Design an ETA experiment under interference
Company: Uber
Role: Data Scientist
Category: Analytics & Experimentation
Difficulty: hard
Interview Round: Technical Screen
A new rider ETA model may change perceived wait times and cancellations in a two‑sided marketplace where drivers roam across zones (interference likely). Design an experiment to estimate the causal impact on rider experience and marketplace health.
Requirements:
- Define up to 3 primary success metrics (demand) and up to 5 guardrails (supply/quality). Give exact formulas and units; e.g., request→trip conversion = completed_requests / total_requests; driver earnings/hour; post‑dispatch cancellation within 5 minutes; pickup ETA p50.

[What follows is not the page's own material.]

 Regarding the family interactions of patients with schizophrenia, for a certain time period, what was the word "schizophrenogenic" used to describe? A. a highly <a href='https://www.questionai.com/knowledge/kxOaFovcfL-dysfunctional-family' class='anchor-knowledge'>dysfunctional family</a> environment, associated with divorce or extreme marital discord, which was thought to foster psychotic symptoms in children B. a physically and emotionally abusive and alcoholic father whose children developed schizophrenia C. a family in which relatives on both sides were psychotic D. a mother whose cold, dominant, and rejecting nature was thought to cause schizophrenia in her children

- Choose the randomization unit among rider, trip, driver, or zone (geohash‑6) × hour. Justify the choice with respect to SUTVA/interference, and specify blocking/stratification (city tier × weekday/weekend).
- If unit randomization is infeasible, propose a stepped‑wedge rollout with a 10% geo holdout. Describe contamination controls (driver shadow pools, sticky assignment, exclusion buffers) and how you’ll measure and cap cross‑arm exposure.
- Define instrumentation: an exposure variable that confirms the UI actually showed the new ETA. Specify an as‑treated estimator robust to partial compliance and how you’ll bound bias from post‑randomization selection.
- Compare classic A/B vs synthetic control vs diff‑in‑diff: when each is valid here; what pre‑trend diagnostics you’ll run; how to build city‑level synthetic controls (donor pool, regularization, covariates).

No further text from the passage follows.